Depois de tramitar por várias semanas e dependendo de uma aprovação em segundo turno de votação, o projeto foi definitivamente arquivado a pedido da maioria dos vereadores que assinaram a co-autoria da matéria.
Nesses casos, conforme previsto no Art. 138 do Regimento Interno da Casa, o pedido de arquivamento da matéria é automático, ou seja, sem qualquer necessidade de votação.
A iniciativa de propor o arquivamento do projeto foi do vereador Rodrigo Varela que, em seguida, conseguiu apoio de 4 colegas: Daniel Melo, Dé Pedreiro, Rodrigo Meneses e Márcio Lara.
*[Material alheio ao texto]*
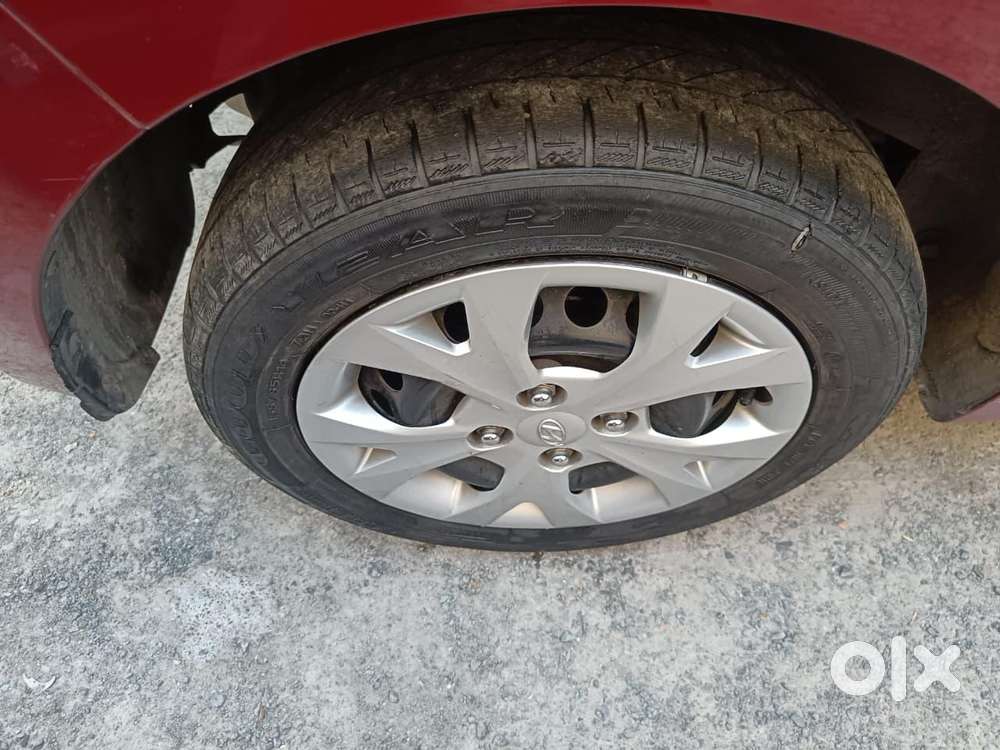 Hyundai Grand I10 2016-2017 Magna At, 2017, Petrol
A justificativa do grupo foi a demora na tramitação do projeto, assim como a incerteza sobre a sua eficácia e o desagrado popular, diante das várias manifestações que aconteceram nos últimos meses.
Segundo Rodrigo Varela, “é preciso ter humildade para reconhecer que a população não queria a emenda impositiva em Pará de Minas”. O vereador disse também que o arquivamento encurtou embates desnecessários já que o projeto seria mesmo rejeitado em plenário, diante da mudança de posicionamento de vários colegas ao longo dos meses.
Rodrigo lembrou que as questões relativas à emenda impositiva são complexas demais, inclusive, gerando divergências no Judiciário. No caso de Pará de Minas, a proposta perdeu força pelas incertezas do bom direcionamento futuro das verbas do orçamento municipal. Através dela, os vereadores teriam direito de indicar a aplicação de recursos dentro de obras e projetos que considerassem mais importantes, o que poderia gerar eventual caráter eleitoreiro.
A mobilização do OSB não foi apenas por esses motivos. Assim como as demais entidades que abraçaram a causa, o Observatório defendeu que a alocação dos recursos públicos e conseqüente realização de políticas públicas é matéria de competência do Poder Executivo, segundo determina a Constituição de Minas Gerais em seu Art. 173.